Frank Costello at the Kefauver Commission hearing.
The FBI were frustrated because it was the Department of the Treasury, not the Department of Justice that had jurisdiction to enforce the Prohibition laws, which led the period 1921-1933 being labelled ‘The Lawless Years’.
For those with connections, money and the ambition, ‘The Lawless Years’ were a time for prosperity. The Mafia were ideally placed to take advantage of the situation and provide a much sought after service to the community. The police and coastguard officers were as keen as the next person for a drink and it wasn’t long before a system of bribes was established to allow real Scotch whisky and other spirits to land on their shores. Ships laden with alcohol would drop anchor 12 miles off the coast so as to be outside the jurisdiction of any over zealous coastguard official. Smaller, faster boats would then pull-up alongside and move the precious cargo to awaiting trucks at makeshift landing points.
The general route for Scotch whisky was to first land in Canada and then head towards to big cities on the east coast; Boston, New York and New Jersey, from where the loot would be distributed.
Sometimes the whisky would be watered down or mixed with some home-brewed concoction before making its way to the Mafia controlled speakeasies the length and breadth of the country.
Among many others, Joe Kennedy, the father of the future President, was said to have smuggled Scotch into New York during Prohibition with the help of a young man called Frank Costello. Costello was a rising star in the Mafia hierarchy and would ultimately become Capo di tutti Capi, the Boss of Bosses, succeeding Lucky Luciano.
Apart from being the inspiration for Mario Puzo’s character Don Corleone in his book The Godfather, Frank Costello was a visionary gangster and a shrewd businessman who preferred to use bribes rather than violence.
The lawless years of prohibition.
His first reaction to Prohibition was to visit the tiny island of St Pierre just off the coast of Newfoundland. Here, Costello charmed the local Mayor, promised to provide jobs for the local community and agreed to pay a commission per case of whisky that went through the island. Within days warehouses were being built, the pier was strengthened and shipments of whisky started to arrive from Scotland.

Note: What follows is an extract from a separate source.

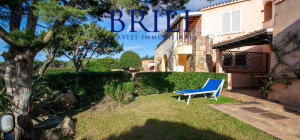 Baja Sardinia, Cala dei Ginepri Villa with sea view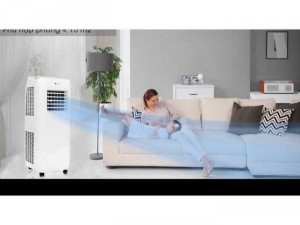 Máy lạnh di động mini Gree 1 HP GPC09AM-K6NNA1A Mới 2018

Paranoid about the consequences of tax evasion the Mafia weren’t keen on meticulously accurate record keeping, so it is impossible to know how much business Whiteley conducted between 1920 and 1933 with his distributors in America but the fact that Whiteley sold his whisky into America during Prohibition and had a working relationship with Costello is clear from subsequent biographies and court records.

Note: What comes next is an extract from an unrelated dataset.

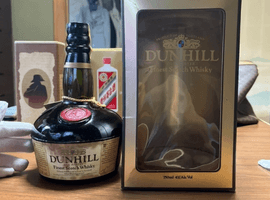 ウイスキー：dunhill（オールドマスター）／中国酒：茅台酒（貴州茅台酒 スターマーク）など3点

According to one version of events ‘Costello imported so much of their (Whiteley’s) whisky during Prohibition that as a gesture of thanks he was appointed US Sales Consultant on an annual salary of $5000’. Costello’s role as Sales Consultant was to instruct his men to visit bars and clubs in New York and ensure that they stocked Whiteley’s products. No doubt the consequences of not stocking them would have been made clear.
The distillery in the 1930s and how it looks from the top warehouse today.